Capitalization and Ownership of the Company. (a) All of the Stock is owned beneficially and of record by the Seller as described on Schedule 4.2, free and clear of all Encumbrances. Upon payment of the entire Purchase Price to Seller and the delivery of the certificates for the Stock to Buyer pursuant to this Agreement, Buyer will have acquired all of the right, title and interest of Seller in and to the Stock, free and clear of all Encumbrances. All of the shares of Stock were validly issued, are fully paid and nonassessable, and were not issued in violation of any preemptive or similar rights of any shareholder.
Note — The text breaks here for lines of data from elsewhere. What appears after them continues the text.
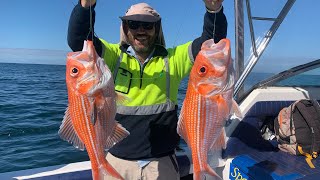 Coffin Bay KG Whiting and Nannygai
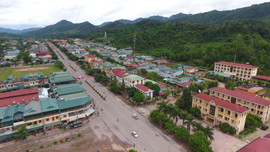 Mường Nhé (Điện Biên): Phát triển kinh tế rừng - hướng thoát nghèo bền vững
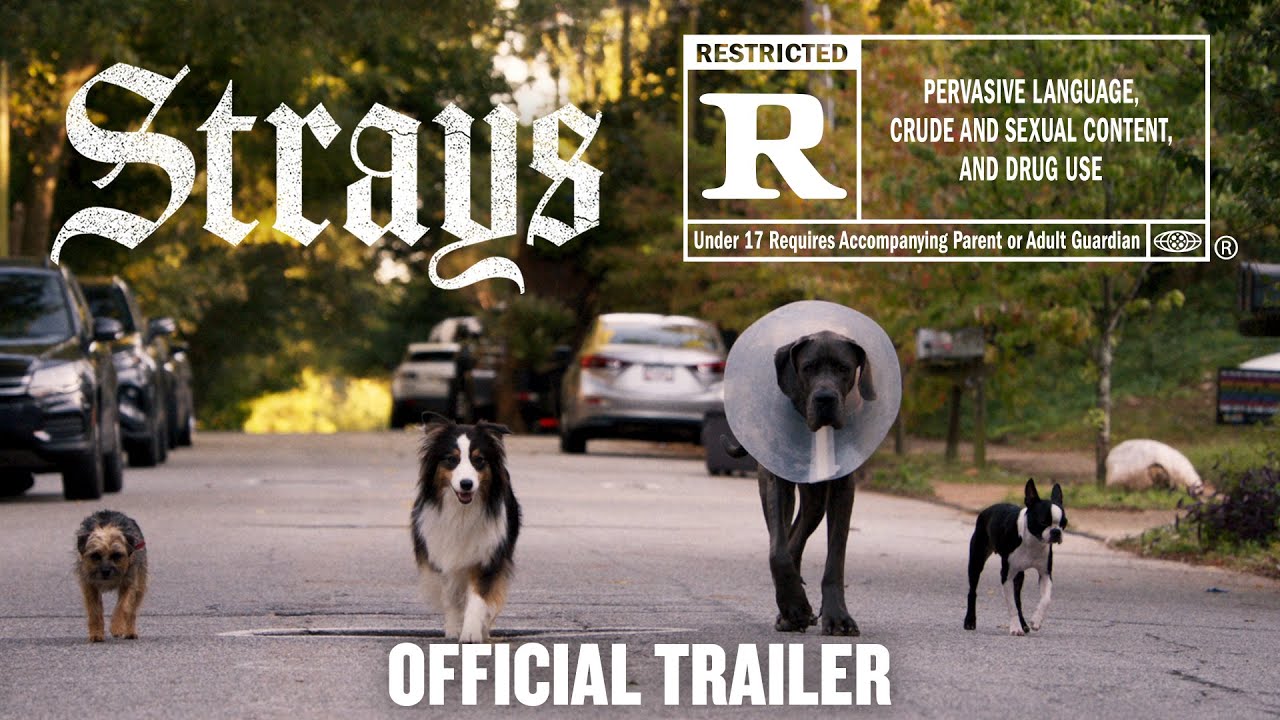 Strays Official Trailer Clip Image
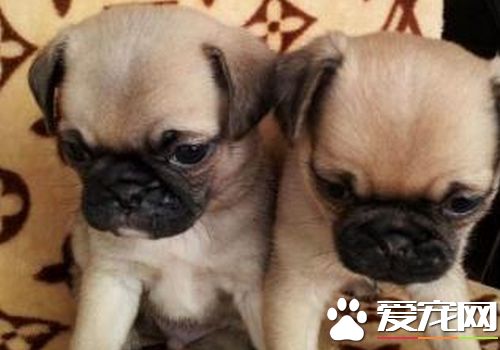 如何训练巴哥犬 不允许它做的事时就要惩罚它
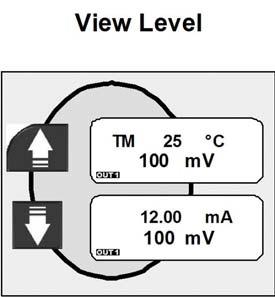 6. Livello di Visualizzazione (View Level) E il livello di normale funzionamento, nel quale compaiono a display tutti i valori misurati e lo stato dell uscita analogica, dell uscite a Relè Se lo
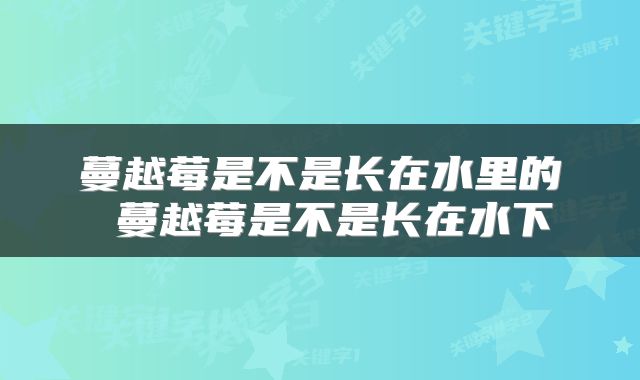 蔓越莓是不是长在水里的 蔓越莓是不是长在水下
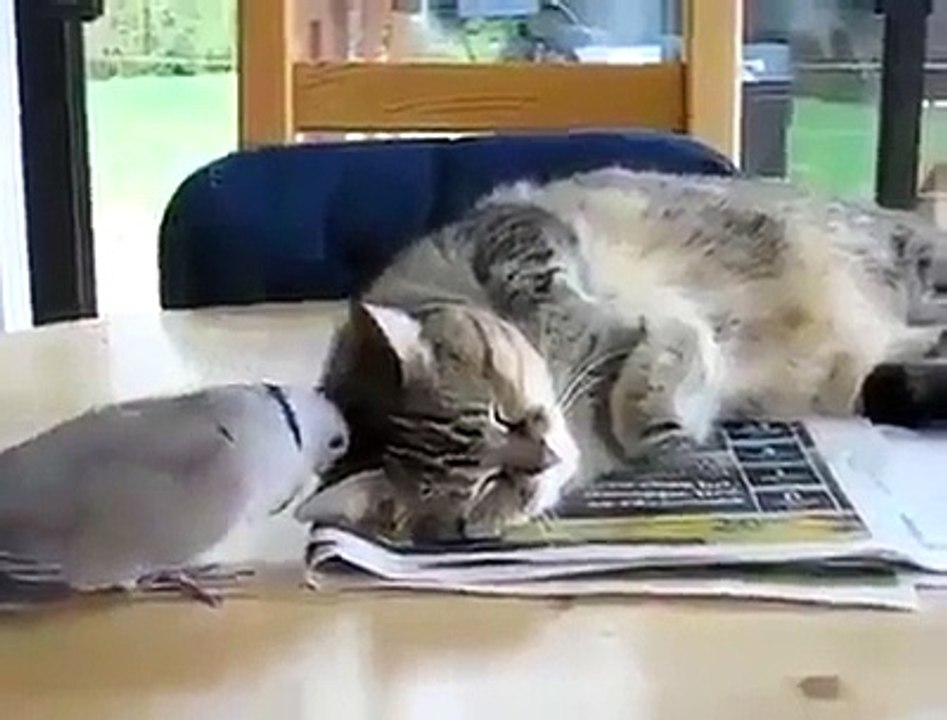 Un chat plein de patience, moi je l'aurais déjà bouffé cette tourterelle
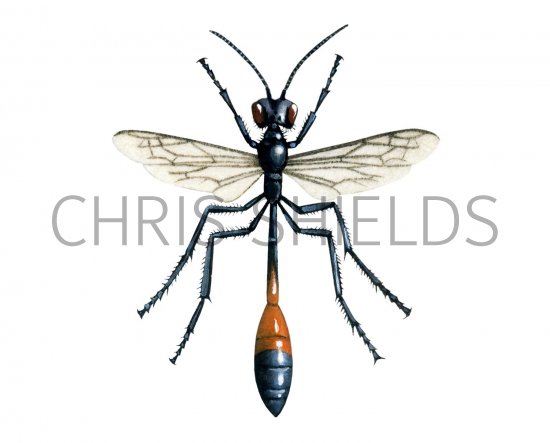 Illustration of Red-banded Sand Wasp (Ammophila sabulosa) (#0396)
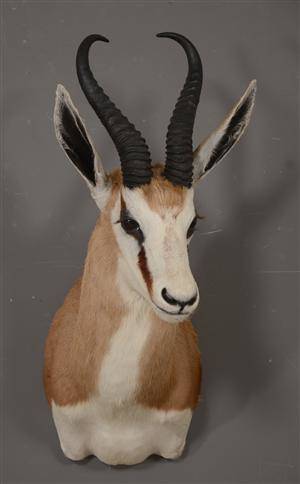 Skuldermonteret Springbuck, jagttrofæ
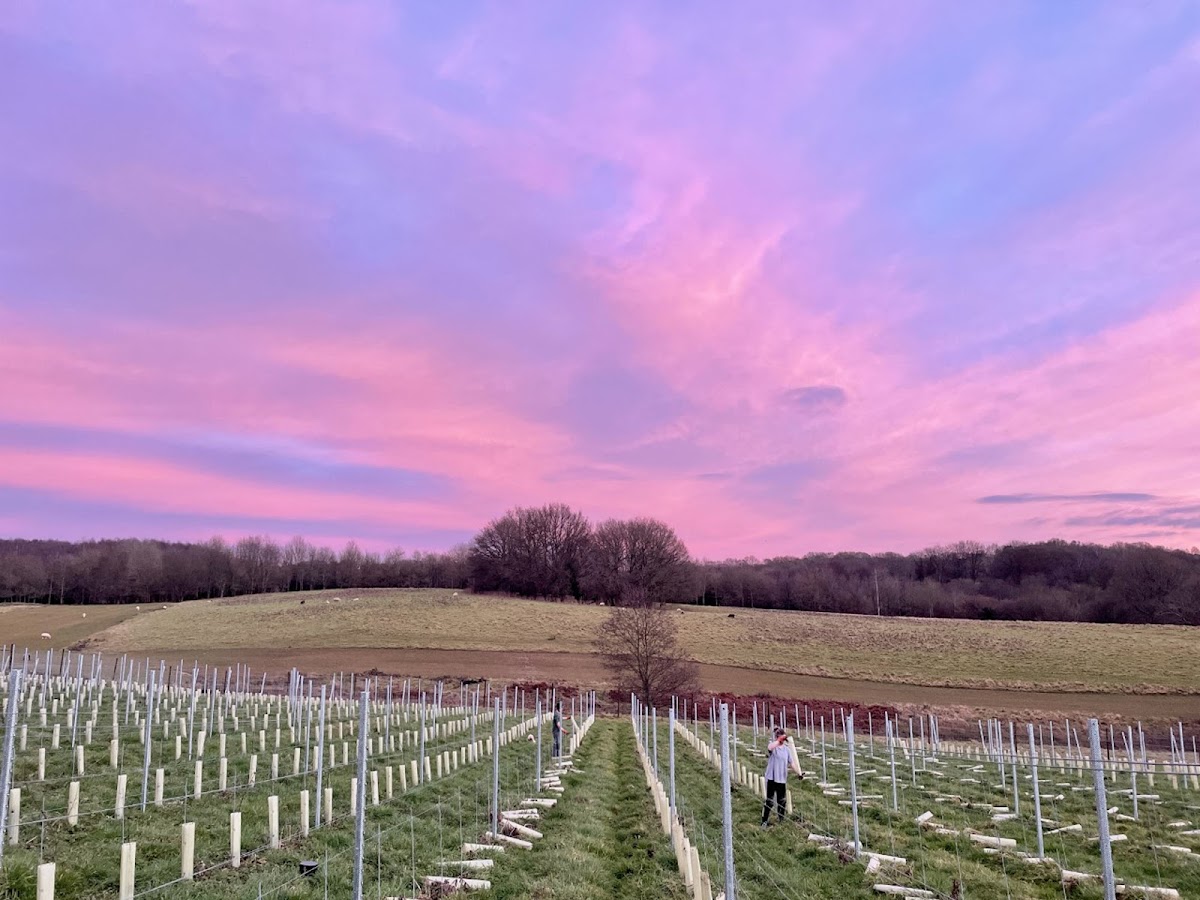 The Granary at Coes Vineyard — East Sussex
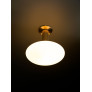 IQ4549 MERIDIAN FLUSH MOUNT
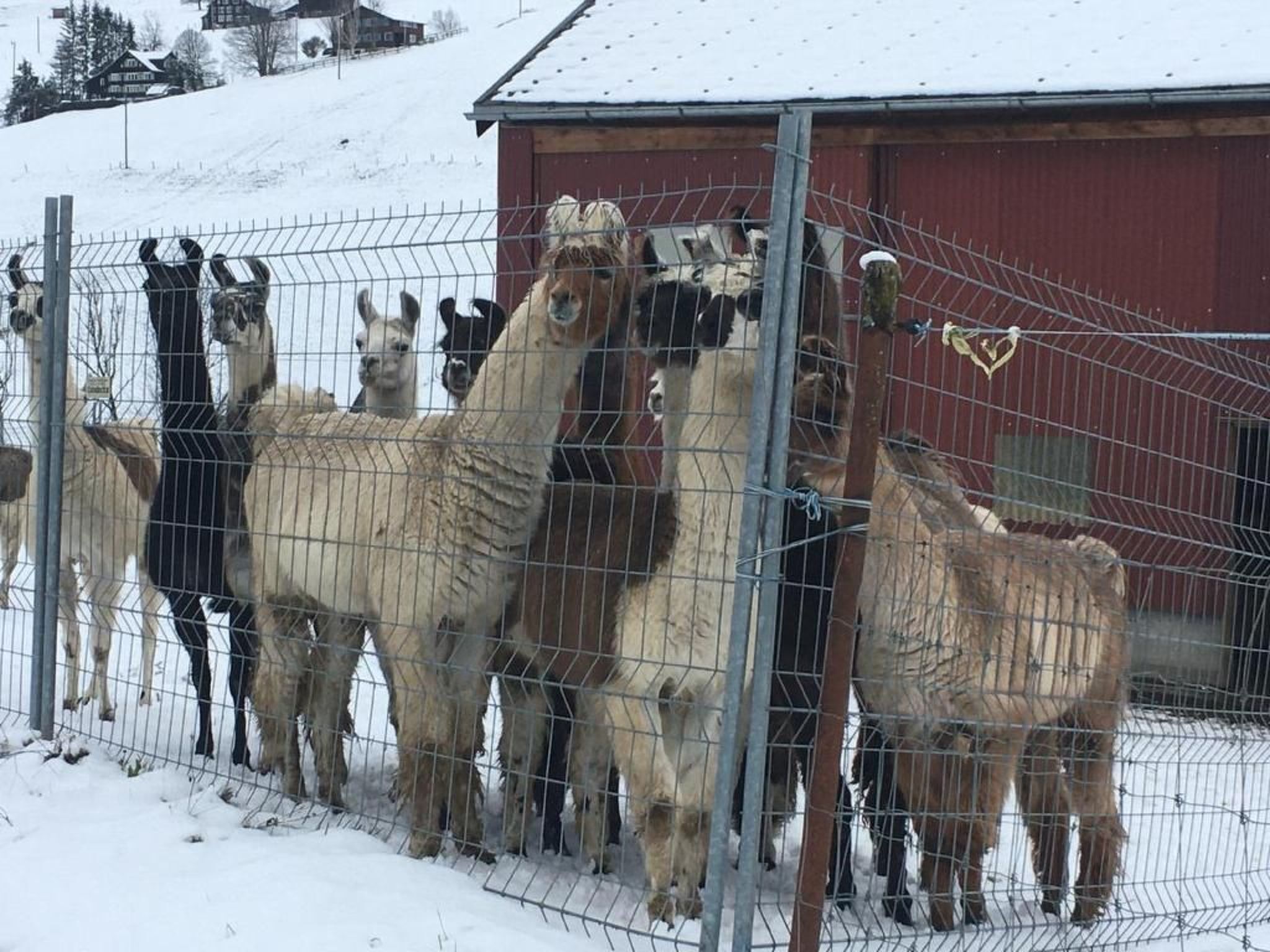 Un grupo de alpacas de pie detrás de una cerca de alambre en un área nevada, con un edificio rojo al fondo.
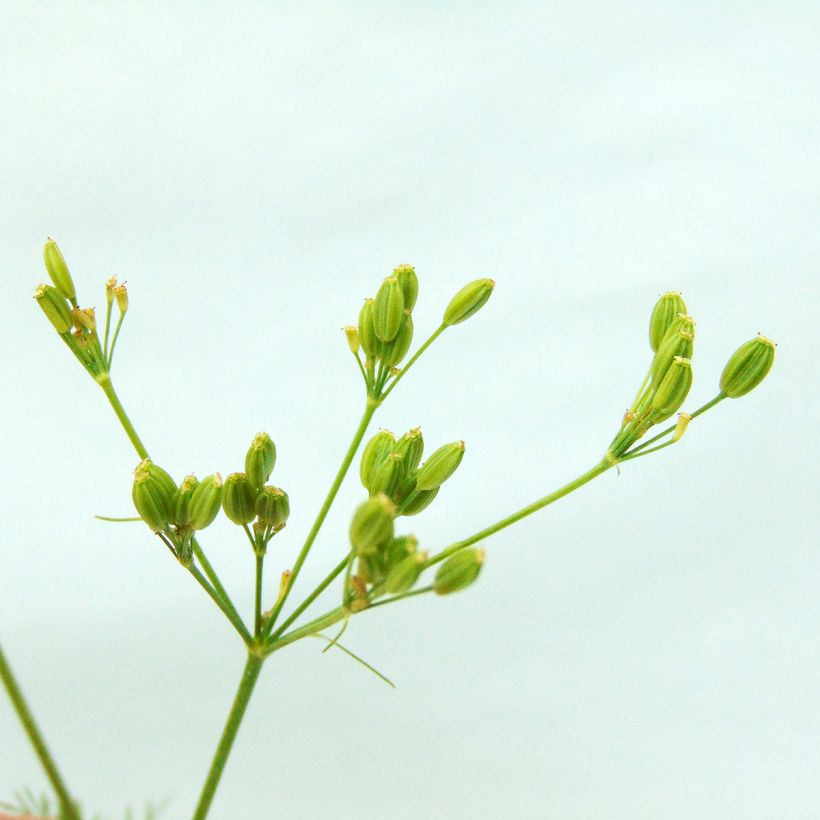 Cumin des prés ou Carvi BIO (Harvest)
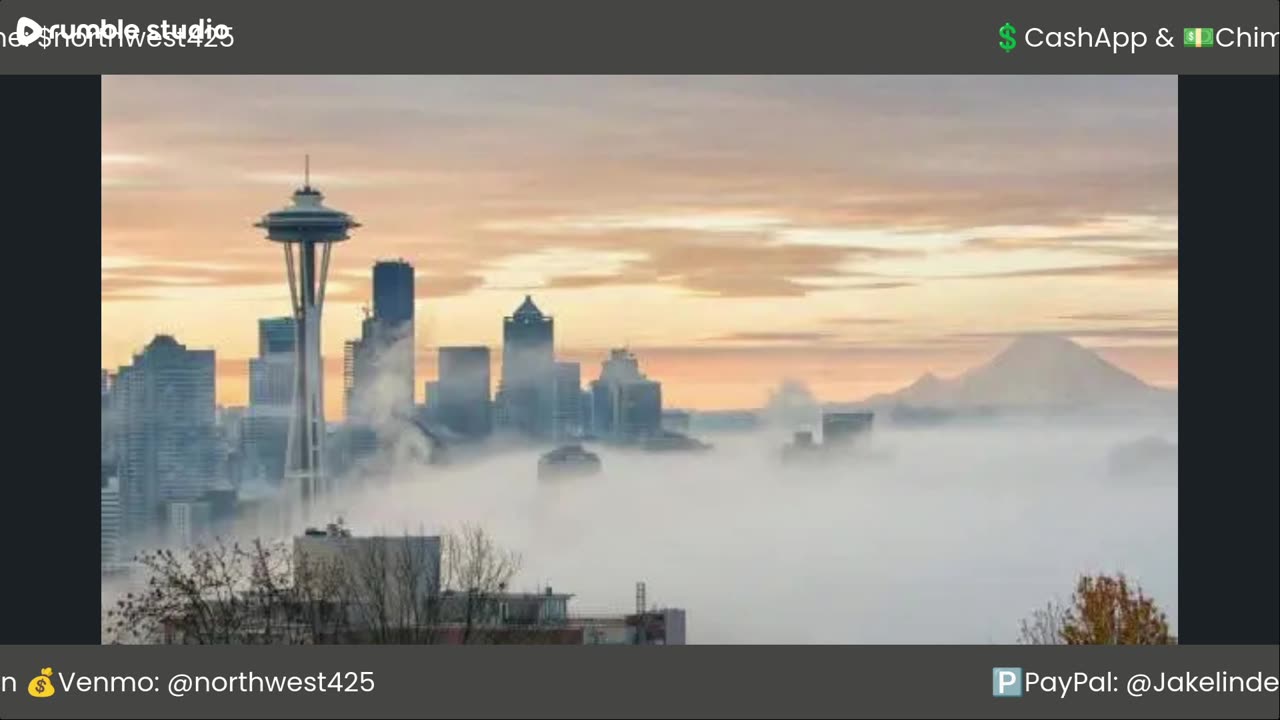 STREAM OF SILENCE 🔕✨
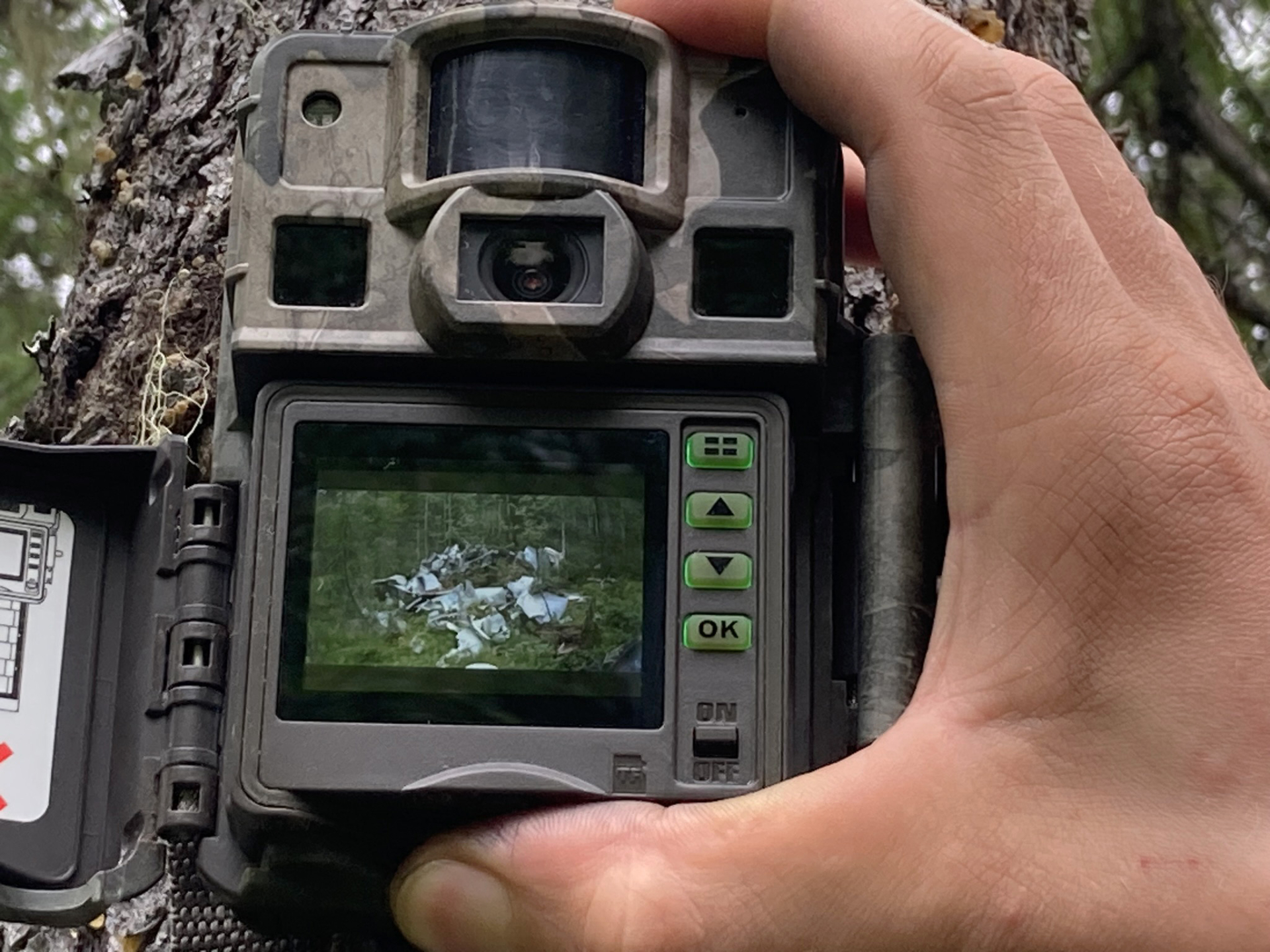 Установка фотоловушки. Республика Коми, 2024 год © Поля падения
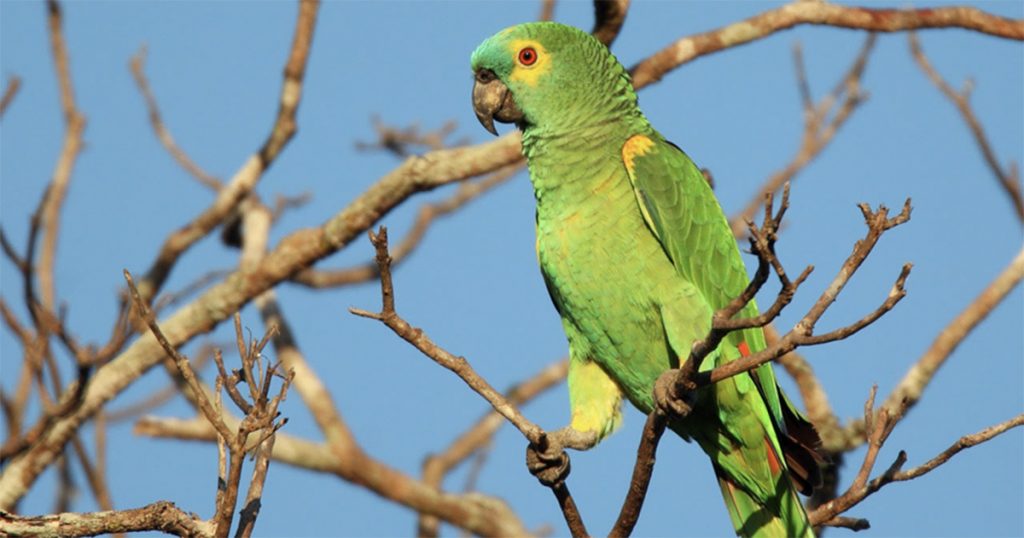 SP coloca mais de 800 espécies de aves em novo catálogo; confira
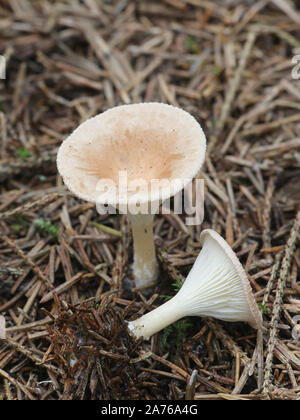 Infundibulicybe gibba (noto anche come Clitocybe gibba), imbuto comune di funghi selvatici dalla Finlandia Foto Stock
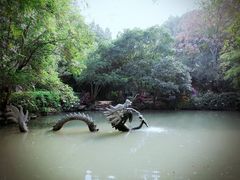 -汇龙潭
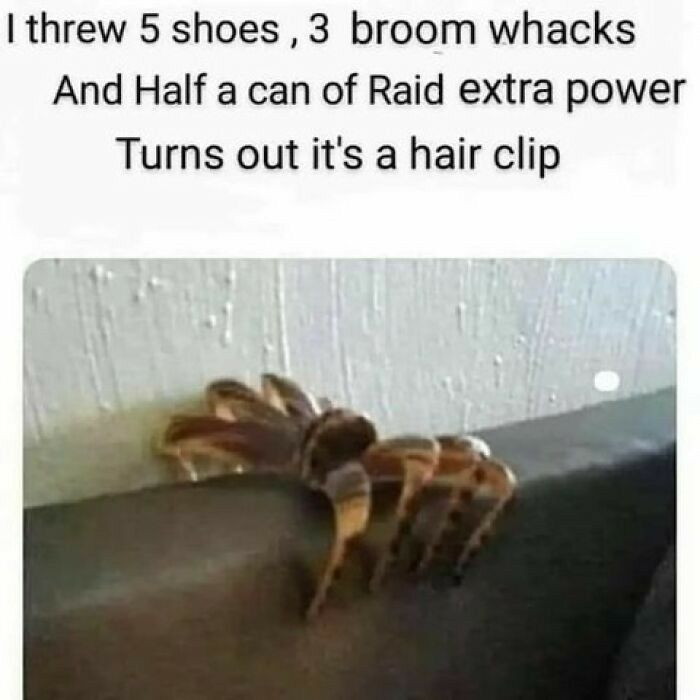 I threw 5 shoes 3 broom whacks And Half a can of Raid extra power Turns out its a hair clip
(b) The authorized capital stock of the Poly-Flex US consists of (i) 8,000 shares of common stock, $.01 par value per share, of which 1,000 shares are, as of the date hereof, and will be, as of the Closing Date, issued and outstanding. There are no outstanding options, warrants or other rights to subscribe for or purchase from Poly-Flex US, or any securities convertible into or exchangeable for, or any plans, contracts or commitments providing for the issuance of, or the granting of rights to acquire, (i) any capital stock of Poly-Flex US or (ii) any securities convertible into or exchangeable for any capital stock of Poly-Flex US.
(c) The authorized share capital of the Poly-Flex UK consists of (i) 500,000 Ordinary shares of [Pound]1 each, of which 355,555 shares are, as of the date hereof, and will be, as of the Closing Date, issued and fully paid. There are no outstanding options, warrants or other rights to subscribe for or purchase from Poly-Flex UK, or any securities convertible into or exchangeable for, or any plans, contracts or commitments providing for the issuance of, or the granting of rights to acquire, (i) any capital stock of Poly-Flex UK or (ii) any securities convertible into or exchangeable for any capital stock of the Poly-Flex UK.
(d) There are no outstanding contractual obligations or understandings of the Company to repurchase, redeem or otherwise acquire any of the Stock.
(e) There are no rights, agreements, restrictions or encumbrances (such as preemptive rights, rights of first refusal, rights of first offer, proxy, voting agreements, voting trusts, registration rights agreements or shareholders agreements) with respect to the purchase, sale or voting of any shares of Stock.